I think a lot of the American viewpoint on eastern vs. western Europe was shaped after WWII as being defined by the extent of the Soviet sphere of influence: the Warsaw Pact countries were generally east of most of the NATO countries.

If we went by major tectonic plates, Eurasia would be one continent, with the Indian and Arabian plates possibly being their own continents:


----------



## sstroble (Dec 16, 2013)

NogDog said:


> I think a lot of the American viewpoint on eastern vs. western Europe was shaped after WWII as being defined by the extent of the Soviet sphere of influence: the Warsaw Pact countries were generally east of most of the NATO countries.
> 
> If we went by major tectonic plates, Eurasia would be one continent, with the Indian and Arabian plates possibly being their own continents:


Sometimes it seems like Earth has too much on its plate(s).

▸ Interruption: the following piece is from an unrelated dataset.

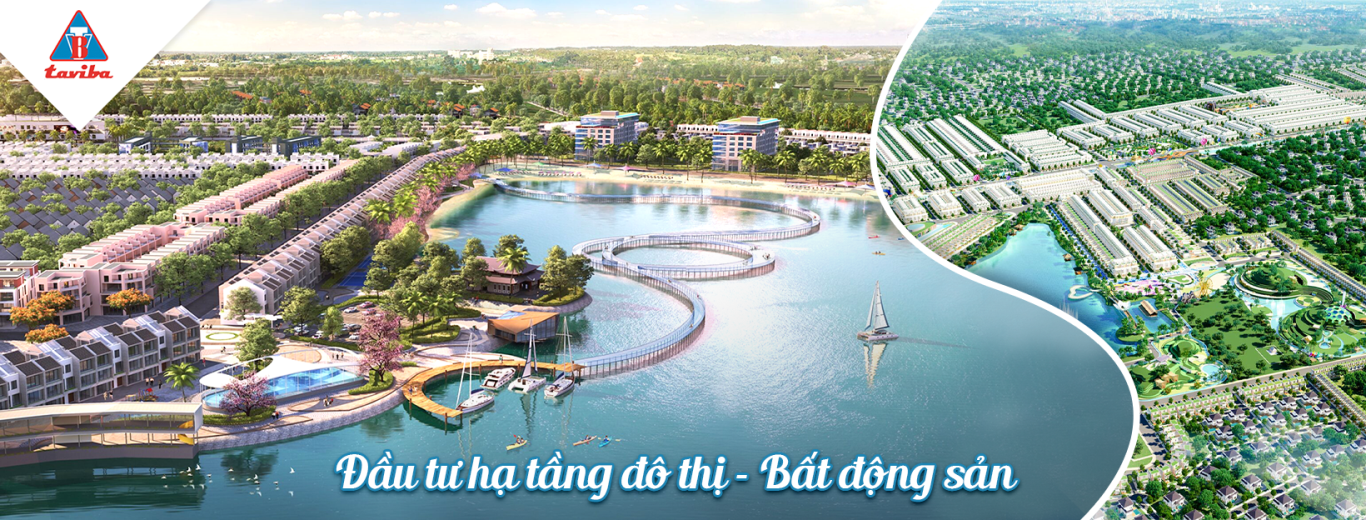 Hạ tầng đô thị - Bất động sản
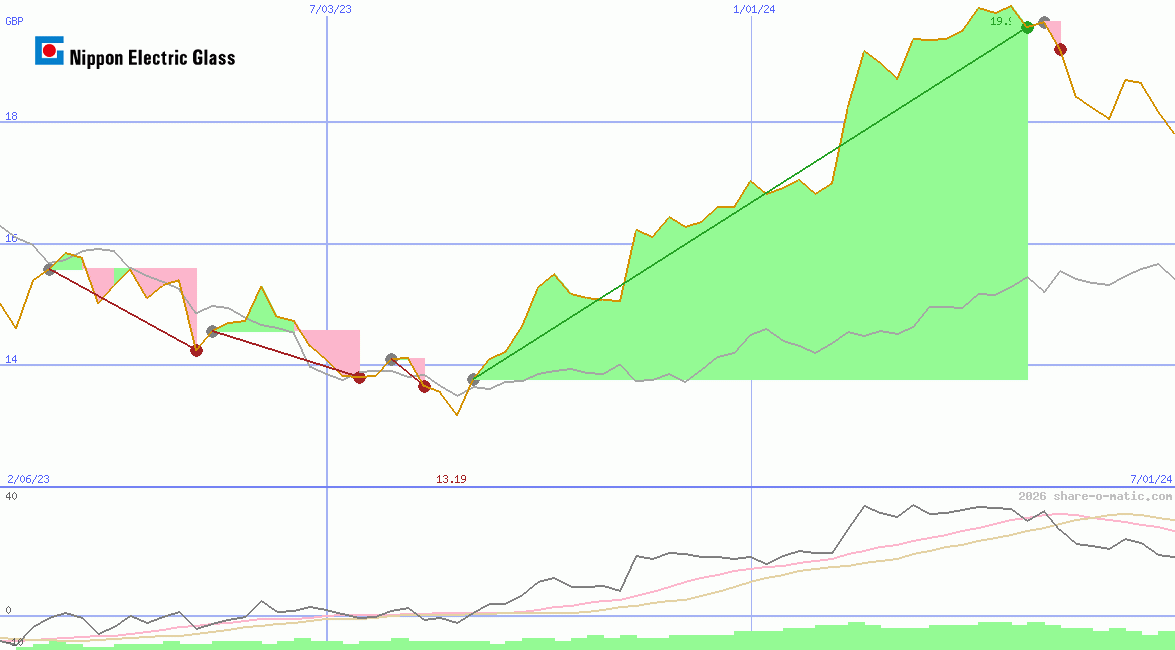 Nippon Electric Glass Co Ltd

Okay, okay, pure corny type humor, but its only 5:44 am and only had 1 cup of mocha so far.........


----------



## Betsy the Quilter (Oct 27, 2008)

sstroble said:


> Sometimes it seems like Earth has too much on its plate.
> 
> Okay, okay, pure corny type humor, but its only 5:44 am and only had 1 cup of mocha so far.........


----------



## The Hooded Claw (Oct 12, 2009)

We visited Brevnov Monastery near Prague. The highlights were subterranean ruins of a one thousand year-old church, and this spectacular room formerly used for VIP receptions. The Monastery was confiscated by the government during the Communist era. It has reopened, but is struggling a bit after a forty year hiatus.





































Sent from my iPad using Tapatalk


----------



## The Hooded Claw (Oct 12, 2009)

In Europe, even going to the bathroom can be an adventure! Restaurants there invariably seem to have the bathroom located in some deep subterranean location requiring multiple stairs to access. This restaurant in Krakow was one of the more dramatic examples. The waitress pointed me down some decrepit stairs and told me the bathroom was "behind the gold door."










After awhile, I came to this, which seemed spectacularly out of place. It was odd enough that I took a photo of it, but it didn't even occur to me that a bathroom would be behind this.










I went on down to the bottom, where there was no sign of a bathroom, but a young man seated at a table seemed unperturbed by our arrival. He told me the toilet was just behind me:










And indeed there was a reasonably modern and very clean bathroom behind the door! Sorry, I didn't take a pic of the actual bathroom. But I did take a pic back up the stairs I'd navigated.










No cask of Amontillado was offered, but I didn't get bricked up in the dark either, and I did get to relieve myself. So I'll call this a win.

Sent from my iPad using Tapatalk


----------



## Betsy the Quilter (Oct 27, 2008)




----------



## spotsmom (Jan 20, 2011)

Sounds like a perfect place for a "throne".


----------